Ciento treinta millones de libros impresos en casi seiscientos años de imprenta. A razón de 226,876 por año, 621 por día, 25 libros por hora, casi medio libro por minuto. Y contando. ¿Sabía realmente Gutenberg lo que estaba inventando? Estaba inventando el infinito.
Estaba mecanizando lo insondable y creando la angustia de ya no poder leerlo todo. Gutenberg, que simplemente le puso tipos móviles a un invento chino, fue sin embargo el inventor de muchas otras cosas.
O mejor dicho, no fue él. Fueron los gutenberguianos, una legión discreta que esparció la enfermedad de las letras por todos los rincones del mundo. Fueron ellos, los gutenberguianos, los primeros enemigos de la página en blanco y los responsables de la propagación de los signos de puntuación; los inventores de los párrafos y de los números de página.

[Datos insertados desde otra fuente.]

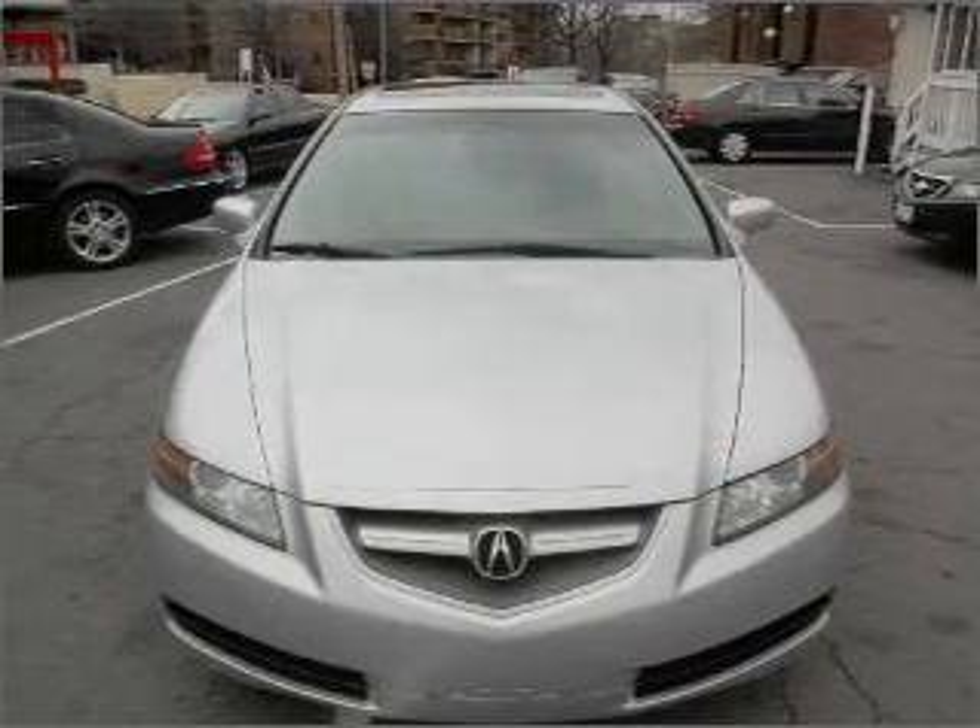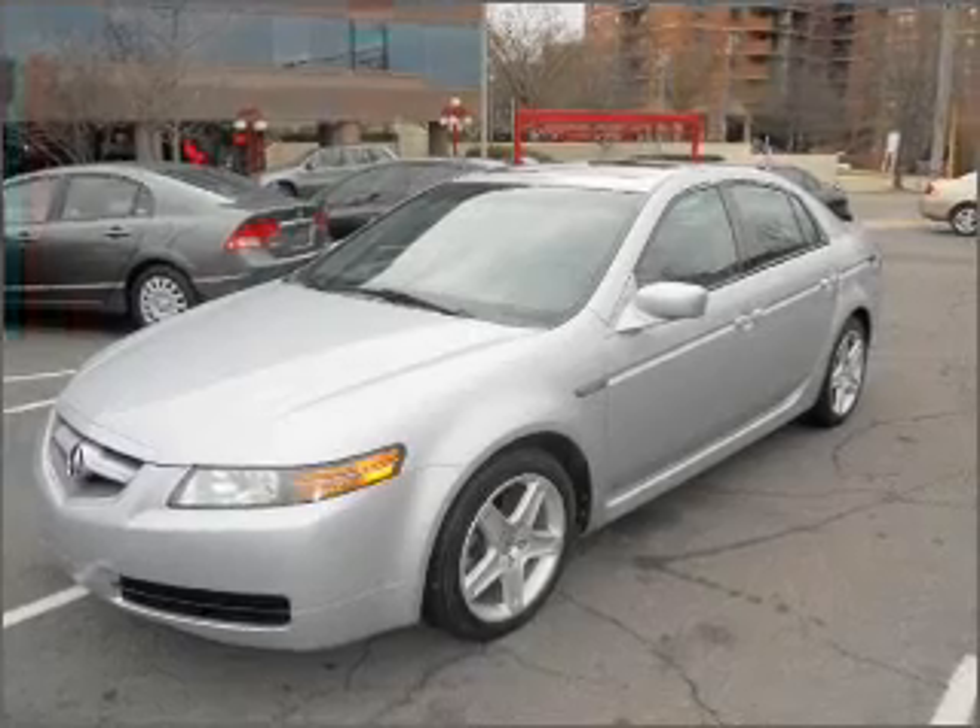Let the outside in with a built-in sunroof, and memory settings are one of many features. Call today to schedule a test drive.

Y también fueron ellos, los gutenberguianos, los inventores de las cuartillas, la encuadernación y los estantes de las bibliotecas. Porque todo aquello ya estaba allí, sin saberlo, durmiendo su sueño de futuridad en el vientre de una imprenta mal atornillada que, hacia el 1449, impregnó de tinta el Misal de Constanza, el primer libro impreso que se conoce.